About two years ago, I suggested to John Kitagawa that it might be appropriate at a future Recovery Sunday to hear from an adult child of an alcoholic. John remembered my comment and invited me to speak this morning from the prospective of one who grew up in a family whose dysfunction included addiction to alcohol. I do not mean to indicate that my family’s experience with alcoholism is unique, or that my story is in any way different from many others, because I have been amazed to discover that many of us have survived similar situations—we are legion!
My first recollection that something was wrong in my family was in the 1940’s when I was about 6 or 7. It was evening and my brother and I were already in bed. We heard voices downstairs and sneaked down the stairs to look out on the living room. There were people who we did not recognize sitting with my father who was very obviously drunk. They were performing an intervention at the request of my mother. These devoted members of Alcoholics Anonymous knew exactly what to do and were attempting to sober my father up with coffee and sincere attention to his problem. From that time on, he regularly attended AA meetings in Red Wing and later in Stillwater, MN.
It was also about that time, prior to the intervention, that my mother filed for a divorce from my father—something that my brother and I discovered one summer while going through my mother’s papers while she was at work. Apparently, she was talked out of proceeding with the divorce by her mother who worried about how she and her grandchildren would fare.
Most of my young life my father was sober, but behaved like a “dry drunk”. He was difficult to be around and it was awkward to invite friends—especially girlfriends—home with me because of his unpredictable behavioral issues that included inflammatory language and in-your-face comments—many of which were aimed at my mother. Things changed after his retirement from the Andersen Window Corporation and it was just he and my mother at home. He had always been an avid collector of everything from stamps, to coins, to clocks, to antique guns to Civil War paraphernalia. He now had time to spend cataloging all of his collections, which he did for a few years. And then, he unexpectedly “fell off the wagon”, apparently having too much time on his hands. My mother had to commit him to rehab several times as she could not handle him all by herself, as my brother and I were away from the home by then.
We saw my father for the last time on the day before he died at a rehab facility near our home.

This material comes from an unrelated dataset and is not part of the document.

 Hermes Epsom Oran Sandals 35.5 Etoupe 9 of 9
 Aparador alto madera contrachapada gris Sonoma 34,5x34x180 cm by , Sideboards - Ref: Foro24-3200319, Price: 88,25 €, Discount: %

On a warm summer morning, we sat at a picnic table under a large tree in the yard of this place, and in the course of our conversation, he pleaded with me to convince my mother and brother to let him come home to die. Little did we know that he would die of a massive heart attack the next morning.
Fast forward to Father’s Day nineteen years later, 1993, when I found myself all alone at home. I sat down at the computer and wrote my father a letter. I was inspired to do this after I had heard that comedian Louie Anderson had written a similar letter to his then-dead alcoholic father. (Louie was also from Minnesota…) Enough time had elapsed for me to begin to be objective about my father and soften my rather hardened attitude toward him. It was cathartic to write that letter, and I only shared it with my mother and brother and only later with my psychiatrist… An interesting observation was that when looking at photos of family gatherings, my father would always be positioned in the back and on the end of the group—as if he really did not belong alongside his siblings—his own family of origin. His sisters, our aunts, were always apologizing to Peter and me for Dad’s behavior at these gatherings.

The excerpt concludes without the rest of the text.